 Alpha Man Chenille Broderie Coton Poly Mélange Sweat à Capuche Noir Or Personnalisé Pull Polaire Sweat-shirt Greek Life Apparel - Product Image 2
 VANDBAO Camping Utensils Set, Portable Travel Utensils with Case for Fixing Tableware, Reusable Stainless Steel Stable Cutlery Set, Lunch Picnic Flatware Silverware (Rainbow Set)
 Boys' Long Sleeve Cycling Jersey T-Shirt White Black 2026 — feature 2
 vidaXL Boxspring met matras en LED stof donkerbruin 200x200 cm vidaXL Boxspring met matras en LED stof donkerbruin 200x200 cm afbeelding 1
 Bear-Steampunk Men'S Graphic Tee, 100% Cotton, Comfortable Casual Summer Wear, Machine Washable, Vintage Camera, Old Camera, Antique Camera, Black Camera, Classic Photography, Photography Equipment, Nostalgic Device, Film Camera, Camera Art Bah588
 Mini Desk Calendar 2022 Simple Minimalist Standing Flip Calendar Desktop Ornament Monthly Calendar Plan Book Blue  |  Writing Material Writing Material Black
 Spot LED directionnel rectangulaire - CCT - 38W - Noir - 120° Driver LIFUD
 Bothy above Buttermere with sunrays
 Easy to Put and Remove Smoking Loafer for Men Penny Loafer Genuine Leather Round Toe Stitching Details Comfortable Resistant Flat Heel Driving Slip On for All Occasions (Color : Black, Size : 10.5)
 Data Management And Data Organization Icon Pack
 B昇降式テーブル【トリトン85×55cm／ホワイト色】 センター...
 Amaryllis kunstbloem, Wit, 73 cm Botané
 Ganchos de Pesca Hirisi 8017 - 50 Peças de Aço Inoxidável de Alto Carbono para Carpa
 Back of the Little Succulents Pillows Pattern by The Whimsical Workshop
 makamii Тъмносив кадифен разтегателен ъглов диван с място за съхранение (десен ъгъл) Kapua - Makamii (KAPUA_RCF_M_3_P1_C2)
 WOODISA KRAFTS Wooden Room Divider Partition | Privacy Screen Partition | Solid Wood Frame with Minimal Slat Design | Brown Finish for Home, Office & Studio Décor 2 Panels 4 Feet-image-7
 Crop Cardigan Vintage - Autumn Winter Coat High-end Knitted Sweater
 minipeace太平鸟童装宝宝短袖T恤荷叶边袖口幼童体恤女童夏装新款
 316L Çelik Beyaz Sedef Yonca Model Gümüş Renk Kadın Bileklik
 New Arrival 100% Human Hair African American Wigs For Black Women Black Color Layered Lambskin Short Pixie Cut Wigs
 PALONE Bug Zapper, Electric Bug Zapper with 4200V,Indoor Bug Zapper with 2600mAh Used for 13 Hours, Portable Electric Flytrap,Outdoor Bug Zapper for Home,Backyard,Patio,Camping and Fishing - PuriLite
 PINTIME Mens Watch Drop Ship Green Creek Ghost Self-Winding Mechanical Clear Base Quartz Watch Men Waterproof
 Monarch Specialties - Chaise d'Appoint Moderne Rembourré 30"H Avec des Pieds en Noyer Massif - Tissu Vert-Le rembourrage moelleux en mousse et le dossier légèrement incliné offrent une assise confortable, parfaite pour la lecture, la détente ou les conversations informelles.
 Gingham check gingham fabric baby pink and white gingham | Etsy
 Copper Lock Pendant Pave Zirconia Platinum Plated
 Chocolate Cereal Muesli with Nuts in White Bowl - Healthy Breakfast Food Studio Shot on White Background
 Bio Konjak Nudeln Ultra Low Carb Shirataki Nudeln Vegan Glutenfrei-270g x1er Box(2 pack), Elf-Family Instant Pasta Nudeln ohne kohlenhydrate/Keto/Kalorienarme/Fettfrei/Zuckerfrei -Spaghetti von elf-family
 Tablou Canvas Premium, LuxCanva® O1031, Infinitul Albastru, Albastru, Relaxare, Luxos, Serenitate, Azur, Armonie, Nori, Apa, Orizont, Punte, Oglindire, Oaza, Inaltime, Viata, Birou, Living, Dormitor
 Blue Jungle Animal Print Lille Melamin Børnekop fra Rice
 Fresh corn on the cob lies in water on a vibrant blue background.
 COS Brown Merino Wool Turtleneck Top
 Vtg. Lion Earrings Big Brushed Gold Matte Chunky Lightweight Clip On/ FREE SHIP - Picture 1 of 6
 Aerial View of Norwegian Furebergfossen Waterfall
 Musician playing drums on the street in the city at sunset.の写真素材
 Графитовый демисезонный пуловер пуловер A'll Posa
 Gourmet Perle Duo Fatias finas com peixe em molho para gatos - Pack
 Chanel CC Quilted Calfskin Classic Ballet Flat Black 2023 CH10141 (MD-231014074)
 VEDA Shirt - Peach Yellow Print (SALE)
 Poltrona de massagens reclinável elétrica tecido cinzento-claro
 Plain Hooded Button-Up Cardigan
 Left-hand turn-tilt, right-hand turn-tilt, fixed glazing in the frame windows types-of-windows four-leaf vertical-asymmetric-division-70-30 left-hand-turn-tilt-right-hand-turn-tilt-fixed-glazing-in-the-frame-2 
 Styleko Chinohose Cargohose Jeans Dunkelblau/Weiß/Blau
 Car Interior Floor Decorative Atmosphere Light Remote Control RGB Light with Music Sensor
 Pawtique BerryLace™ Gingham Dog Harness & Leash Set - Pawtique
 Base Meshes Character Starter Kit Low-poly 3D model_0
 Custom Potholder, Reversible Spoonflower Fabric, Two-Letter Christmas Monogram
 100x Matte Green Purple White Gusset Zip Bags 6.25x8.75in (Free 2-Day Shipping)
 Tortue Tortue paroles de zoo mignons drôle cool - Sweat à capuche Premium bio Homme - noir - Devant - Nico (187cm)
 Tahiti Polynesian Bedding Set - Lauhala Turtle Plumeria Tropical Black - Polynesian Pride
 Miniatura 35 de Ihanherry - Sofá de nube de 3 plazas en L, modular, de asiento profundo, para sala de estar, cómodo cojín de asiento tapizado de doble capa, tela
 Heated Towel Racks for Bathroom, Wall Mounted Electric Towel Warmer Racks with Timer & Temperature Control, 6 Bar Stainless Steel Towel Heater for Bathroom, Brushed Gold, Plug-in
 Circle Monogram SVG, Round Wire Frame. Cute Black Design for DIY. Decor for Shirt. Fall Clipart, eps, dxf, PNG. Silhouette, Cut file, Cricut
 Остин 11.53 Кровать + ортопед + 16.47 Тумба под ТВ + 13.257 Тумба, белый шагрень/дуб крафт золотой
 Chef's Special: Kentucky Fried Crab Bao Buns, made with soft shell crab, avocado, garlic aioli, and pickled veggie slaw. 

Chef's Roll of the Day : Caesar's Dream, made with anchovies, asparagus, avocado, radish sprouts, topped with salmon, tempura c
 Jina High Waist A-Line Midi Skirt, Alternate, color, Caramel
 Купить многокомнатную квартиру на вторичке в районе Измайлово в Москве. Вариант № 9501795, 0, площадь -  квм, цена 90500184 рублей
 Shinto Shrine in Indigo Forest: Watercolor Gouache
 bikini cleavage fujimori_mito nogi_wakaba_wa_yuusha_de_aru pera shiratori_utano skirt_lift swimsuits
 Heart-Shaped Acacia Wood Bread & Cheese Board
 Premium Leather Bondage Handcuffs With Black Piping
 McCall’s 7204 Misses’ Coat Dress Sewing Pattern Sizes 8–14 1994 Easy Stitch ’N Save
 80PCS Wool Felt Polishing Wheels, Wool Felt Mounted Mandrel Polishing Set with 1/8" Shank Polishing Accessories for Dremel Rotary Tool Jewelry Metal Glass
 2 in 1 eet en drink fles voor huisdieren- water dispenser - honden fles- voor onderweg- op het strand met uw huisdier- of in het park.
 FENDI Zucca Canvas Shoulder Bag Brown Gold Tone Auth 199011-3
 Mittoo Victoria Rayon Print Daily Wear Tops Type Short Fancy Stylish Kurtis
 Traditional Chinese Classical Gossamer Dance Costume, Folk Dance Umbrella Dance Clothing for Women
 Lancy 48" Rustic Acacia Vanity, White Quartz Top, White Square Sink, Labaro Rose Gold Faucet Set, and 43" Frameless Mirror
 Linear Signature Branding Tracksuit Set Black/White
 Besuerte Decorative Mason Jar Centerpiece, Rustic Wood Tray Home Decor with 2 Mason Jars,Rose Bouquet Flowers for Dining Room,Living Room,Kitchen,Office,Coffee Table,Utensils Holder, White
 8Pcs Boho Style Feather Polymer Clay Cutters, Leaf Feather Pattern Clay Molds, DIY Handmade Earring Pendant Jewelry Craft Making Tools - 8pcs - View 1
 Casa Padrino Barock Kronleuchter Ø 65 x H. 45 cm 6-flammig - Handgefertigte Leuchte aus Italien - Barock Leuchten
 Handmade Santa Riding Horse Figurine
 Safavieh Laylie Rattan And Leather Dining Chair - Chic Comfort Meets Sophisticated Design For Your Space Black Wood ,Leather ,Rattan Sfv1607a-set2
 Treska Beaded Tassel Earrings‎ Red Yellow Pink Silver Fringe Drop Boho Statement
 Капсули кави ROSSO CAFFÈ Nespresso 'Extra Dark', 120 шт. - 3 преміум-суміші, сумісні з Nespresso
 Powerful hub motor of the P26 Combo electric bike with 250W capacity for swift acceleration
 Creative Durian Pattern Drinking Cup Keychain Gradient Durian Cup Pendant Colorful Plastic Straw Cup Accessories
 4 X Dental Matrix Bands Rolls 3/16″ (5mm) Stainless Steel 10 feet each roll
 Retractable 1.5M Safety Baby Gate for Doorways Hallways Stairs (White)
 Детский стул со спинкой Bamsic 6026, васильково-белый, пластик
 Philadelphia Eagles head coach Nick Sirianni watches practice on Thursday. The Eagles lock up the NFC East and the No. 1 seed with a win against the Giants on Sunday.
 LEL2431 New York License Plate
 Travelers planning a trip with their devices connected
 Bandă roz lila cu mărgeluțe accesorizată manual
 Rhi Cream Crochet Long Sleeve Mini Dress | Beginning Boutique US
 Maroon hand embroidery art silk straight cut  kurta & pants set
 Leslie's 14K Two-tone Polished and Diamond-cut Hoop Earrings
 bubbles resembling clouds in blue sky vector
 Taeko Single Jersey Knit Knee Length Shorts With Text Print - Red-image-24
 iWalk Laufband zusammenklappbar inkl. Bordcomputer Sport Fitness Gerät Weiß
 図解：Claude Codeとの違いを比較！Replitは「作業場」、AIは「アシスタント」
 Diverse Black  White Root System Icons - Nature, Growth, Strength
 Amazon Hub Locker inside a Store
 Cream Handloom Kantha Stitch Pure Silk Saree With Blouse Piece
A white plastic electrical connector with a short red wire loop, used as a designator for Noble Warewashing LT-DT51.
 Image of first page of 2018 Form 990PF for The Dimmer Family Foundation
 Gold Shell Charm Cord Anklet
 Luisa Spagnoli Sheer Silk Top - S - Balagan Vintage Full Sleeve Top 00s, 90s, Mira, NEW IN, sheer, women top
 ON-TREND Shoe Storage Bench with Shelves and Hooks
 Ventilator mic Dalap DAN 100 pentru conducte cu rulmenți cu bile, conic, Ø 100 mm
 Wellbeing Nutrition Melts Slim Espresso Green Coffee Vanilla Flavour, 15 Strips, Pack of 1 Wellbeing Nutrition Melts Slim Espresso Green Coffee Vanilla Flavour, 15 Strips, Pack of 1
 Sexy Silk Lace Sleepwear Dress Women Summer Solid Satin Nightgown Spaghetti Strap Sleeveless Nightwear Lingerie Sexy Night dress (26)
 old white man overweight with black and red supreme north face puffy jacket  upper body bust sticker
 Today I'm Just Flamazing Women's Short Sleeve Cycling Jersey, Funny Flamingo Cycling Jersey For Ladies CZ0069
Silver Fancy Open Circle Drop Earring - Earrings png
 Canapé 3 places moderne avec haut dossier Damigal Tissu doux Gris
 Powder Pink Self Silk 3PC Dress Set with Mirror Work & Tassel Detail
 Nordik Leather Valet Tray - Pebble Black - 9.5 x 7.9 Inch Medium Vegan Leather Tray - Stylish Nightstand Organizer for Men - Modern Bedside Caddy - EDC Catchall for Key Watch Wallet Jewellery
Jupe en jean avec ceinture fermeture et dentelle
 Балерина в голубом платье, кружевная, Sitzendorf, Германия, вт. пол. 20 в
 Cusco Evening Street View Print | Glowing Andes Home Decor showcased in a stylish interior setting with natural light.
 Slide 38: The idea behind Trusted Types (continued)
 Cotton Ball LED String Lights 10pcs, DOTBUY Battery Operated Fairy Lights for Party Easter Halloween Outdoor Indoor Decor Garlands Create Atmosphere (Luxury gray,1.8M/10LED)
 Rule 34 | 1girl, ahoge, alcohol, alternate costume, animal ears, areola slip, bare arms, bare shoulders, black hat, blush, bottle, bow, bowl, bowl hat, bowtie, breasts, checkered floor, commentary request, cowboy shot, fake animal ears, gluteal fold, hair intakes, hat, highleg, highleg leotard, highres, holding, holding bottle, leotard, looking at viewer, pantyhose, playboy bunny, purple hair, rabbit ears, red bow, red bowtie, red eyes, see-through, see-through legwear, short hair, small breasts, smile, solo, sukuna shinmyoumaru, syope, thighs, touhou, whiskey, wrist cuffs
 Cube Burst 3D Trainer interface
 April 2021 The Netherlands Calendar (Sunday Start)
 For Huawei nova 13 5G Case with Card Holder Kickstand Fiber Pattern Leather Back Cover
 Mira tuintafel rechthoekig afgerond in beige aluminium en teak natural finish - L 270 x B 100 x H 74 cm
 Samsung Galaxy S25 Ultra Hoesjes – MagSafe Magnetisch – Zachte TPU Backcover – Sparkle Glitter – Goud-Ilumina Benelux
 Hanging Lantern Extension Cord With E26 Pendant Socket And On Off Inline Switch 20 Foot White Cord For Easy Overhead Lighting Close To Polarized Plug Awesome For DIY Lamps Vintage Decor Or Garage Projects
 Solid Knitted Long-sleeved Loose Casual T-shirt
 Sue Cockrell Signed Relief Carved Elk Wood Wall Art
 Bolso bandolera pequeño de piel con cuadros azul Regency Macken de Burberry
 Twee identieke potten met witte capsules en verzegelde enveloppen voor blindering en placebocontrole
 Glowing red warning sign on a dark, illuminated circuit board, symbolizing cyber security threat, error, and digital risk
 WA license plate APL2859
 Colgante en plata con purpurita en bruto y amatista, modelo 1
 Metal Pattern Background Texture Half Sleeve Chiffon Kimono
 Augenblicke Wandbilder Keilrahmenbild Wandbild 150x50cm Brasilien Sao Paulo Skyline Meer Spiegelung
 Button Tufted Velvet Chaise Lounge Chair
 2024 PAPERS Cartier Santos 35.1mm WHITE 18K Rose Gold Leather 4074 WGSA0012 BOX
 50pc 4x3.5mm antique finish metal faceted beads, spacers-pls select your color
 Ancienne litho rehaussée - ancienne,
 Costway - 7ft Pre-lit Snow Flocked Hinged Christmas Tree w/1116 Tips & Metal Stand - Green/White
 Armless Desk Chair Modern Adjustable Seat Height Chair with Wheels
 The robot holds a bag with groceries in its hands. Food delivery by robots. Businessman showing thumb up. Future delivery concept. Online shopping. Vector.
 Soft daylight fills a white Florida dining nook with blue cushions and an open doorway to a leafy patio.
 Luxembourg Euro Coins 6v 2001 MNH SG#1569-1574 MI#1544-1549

_How to complete this task:_ Search the entries for the word "Jersey", then gather every line that has it.

_Solution:_
 Boys' Long Sleeve Cycling Jersey T-Shirt White Black 2026 — feature 2
 Taeko Single Jersey Knit Knee Length Shorts With Text Print - Red-image-24
 Today I'm Just Flamazing Women's Short Sleeve Cycling Jersey, Funny Flamingo Cycling Jersey For Ladies CZ0069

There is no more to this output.